Chinese language support #39

znzn40 · 2014-07-20T03:33:07Z

Is there any plan to support chinese language for forage?

fergiemcdowall · 2014-07-20T16:22:37Z

That would be really cool. We would need a contributor who speaks chinese.

RobinQu · 2014-08-11T06:40:48Z

+1. Finding API for adding custom analyzer.

fergiemcdowall · 2014-08-11T07:55:57Z

Do you know of any good libraries that can analyse Chinese text?

RobinQu · 2014-08-11T07:59:42Z

These are very stable implementations:

RobinQu · 2014-08-12T03:41:45Z

Any progress? Or anything I can help.
Could you tell me what to start with if we are adding a word analyzer for Chinese, etc. ?

fergiemcdowall · 2014-08-12T07:15:30Z

The following things need to be done:

Find a Chinese dataset that can be used for testing.
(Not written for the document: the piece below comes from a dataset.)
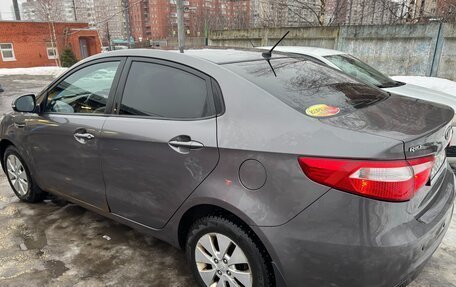 KIA Rio III рестайлинг, 2011 год, 550 000 рублей, 4 фотография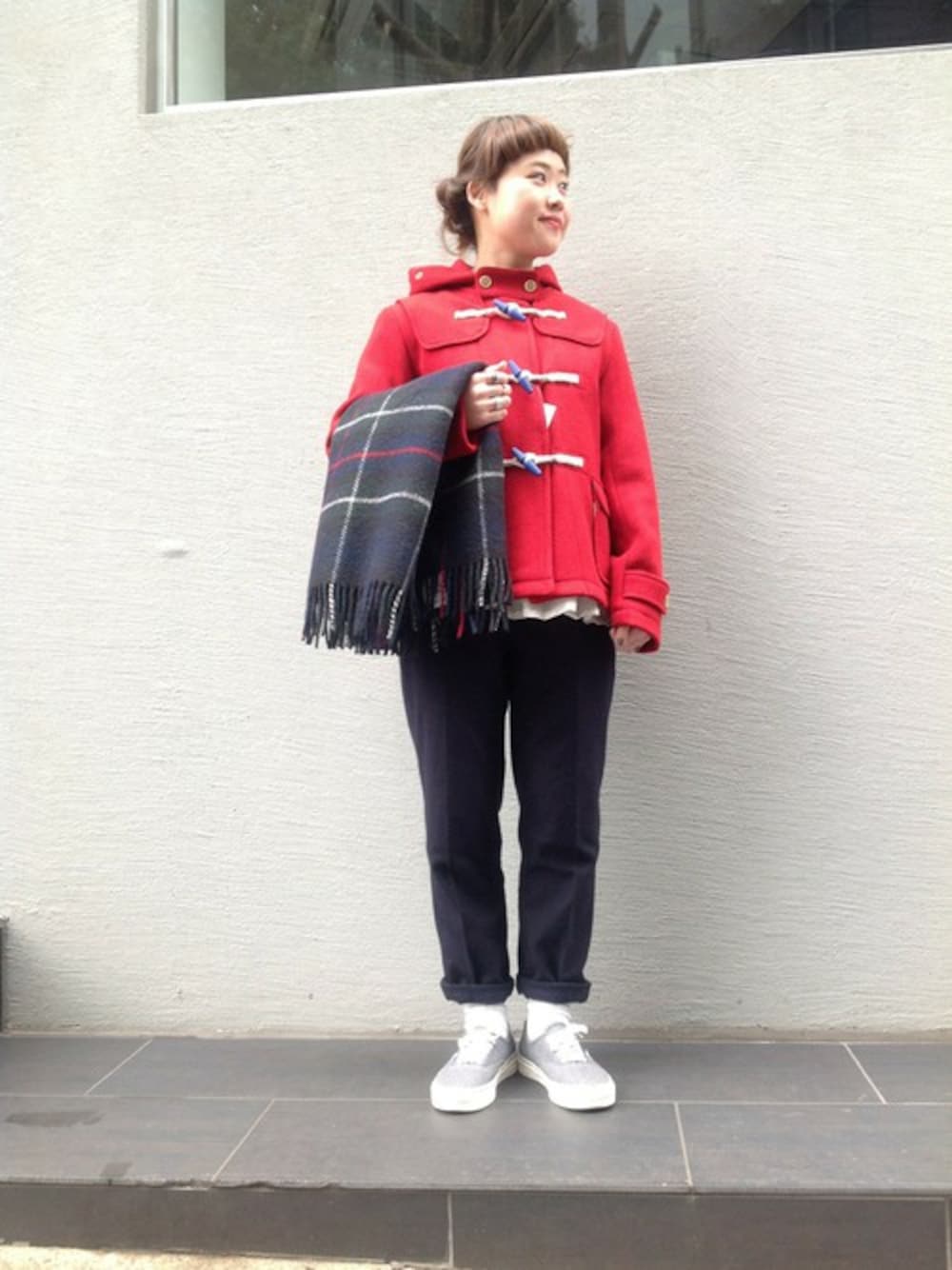 「VANS、ダッフルコート、スラックス、BEAMS BOY、ビームスボーイ」｜「BEAMS BOYの【BEAMS BOY / ヘリンボーン ウールダッフル▽】（ダッフルコート、ブルー系）」を使った、KURODA  AYANOさん（レディース・153cm）の秋コーディネートの1枚目の写真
Format it so that it is similar to the file at test/testdata/reuters-004.json
Find a library that generates Term Frequency in Chinese, and verify that it works on the test data
Create an option in search-index for indexing different languages, and make chinese and english options.

To make progress with this case we need a Chinese (Mandarin?) speaker to do 1 and 2.

RobinQu · 2014-08-14T06:22:44Z

I am a native Chinese speaker and I will try what you suggest in this weekend.

fergiemcdowall · 2014-08-14T07:41:32Z

Great! Even if you could point to a test dataset in Chinese that already exists, that would be a great help.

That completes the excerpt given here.